ACTION ITEM. From the line that contains "70061 Chappel Road" to the end of the records below, copy every line exactly. Both the first and last of these lines count.

+ + + + + + +

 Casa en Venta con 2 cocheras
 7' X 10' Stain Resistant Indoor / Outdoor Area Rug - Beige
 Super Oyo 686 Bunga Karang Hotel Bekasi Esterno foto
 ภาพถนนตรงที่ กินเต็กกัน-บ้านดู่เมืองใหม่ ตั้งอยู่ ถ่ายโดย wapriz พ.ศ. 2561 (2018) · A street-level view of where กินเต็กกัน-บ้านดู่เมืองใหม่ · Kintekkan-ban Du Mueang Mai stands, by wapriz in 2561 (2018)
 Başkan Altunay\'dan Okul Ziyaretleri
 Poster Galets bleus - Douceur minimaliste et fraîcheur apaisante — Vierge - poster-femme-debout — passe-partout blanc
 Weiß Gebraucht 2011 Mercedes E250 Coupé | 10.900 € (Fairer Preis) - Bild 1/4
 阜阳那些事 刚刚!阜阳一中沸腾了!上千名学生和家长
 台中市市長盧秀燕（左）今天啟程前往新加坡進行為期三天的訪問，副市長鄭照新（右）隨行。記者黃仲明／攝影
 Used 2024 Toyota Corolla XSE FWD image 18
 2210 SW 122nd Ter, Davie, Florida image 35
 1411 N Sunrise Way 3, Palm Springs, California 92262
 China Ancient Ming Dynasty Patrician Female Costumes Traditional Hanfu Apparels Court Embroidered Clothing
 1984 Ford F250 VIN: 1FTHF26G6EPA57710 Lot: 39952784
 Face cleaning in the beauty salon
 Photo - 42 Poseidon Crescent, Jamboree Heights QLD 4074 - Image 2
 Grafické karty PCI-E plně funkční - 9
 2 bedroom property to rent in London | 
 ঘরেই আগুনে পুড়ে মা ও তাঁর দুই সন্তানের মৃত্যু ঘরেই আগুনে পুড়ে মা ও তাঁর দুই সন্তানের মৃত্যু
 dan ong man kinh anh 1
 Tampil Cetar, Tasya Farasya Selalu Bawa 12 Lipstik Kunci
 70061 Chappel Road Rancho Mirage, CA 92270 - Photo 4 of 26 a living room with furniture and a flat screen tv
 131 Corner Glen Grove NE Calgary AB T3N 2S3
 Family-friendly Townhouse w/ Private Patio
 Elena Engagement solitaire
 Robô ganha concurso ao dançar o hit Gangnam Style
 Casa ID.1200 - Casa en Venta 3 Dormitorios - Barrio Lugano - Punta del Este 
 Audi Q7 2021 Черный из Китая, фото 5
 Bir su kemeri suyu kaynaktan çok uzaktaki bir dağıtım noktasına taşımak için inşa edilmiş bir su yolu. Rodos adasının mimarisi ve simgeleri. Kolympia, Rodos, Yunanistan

+ + + + + + +

ANSWER.
 70061 Chappel Road Rancho Mirage, CA 92270 - Photo 4 of 26 a living room with furniture and a flat screen tv
 131 Corner Glen Grove NE Calgary AB T3N 2S3
 Family-friendly Townhouse w/ Private Patio
 Elena Engagement solitaire
 Robô ganha concurso ao dançar o hit Gangnam Style
 Casa ID.1200 - Casa en Venta 3 Dormitorios - Barrio Lugano - Punta del Este 
 Audi Q7 2021 Черный из Китая, фото 5
 Bir su kemeri suyu kaynaktan çok uzaktaki bir dağıtım noktasına taşımak için inşa edilmiş bir su yolu. Rodos adasının mimarisi ve simgeleri. Kolympia, Rodos, Yunanistan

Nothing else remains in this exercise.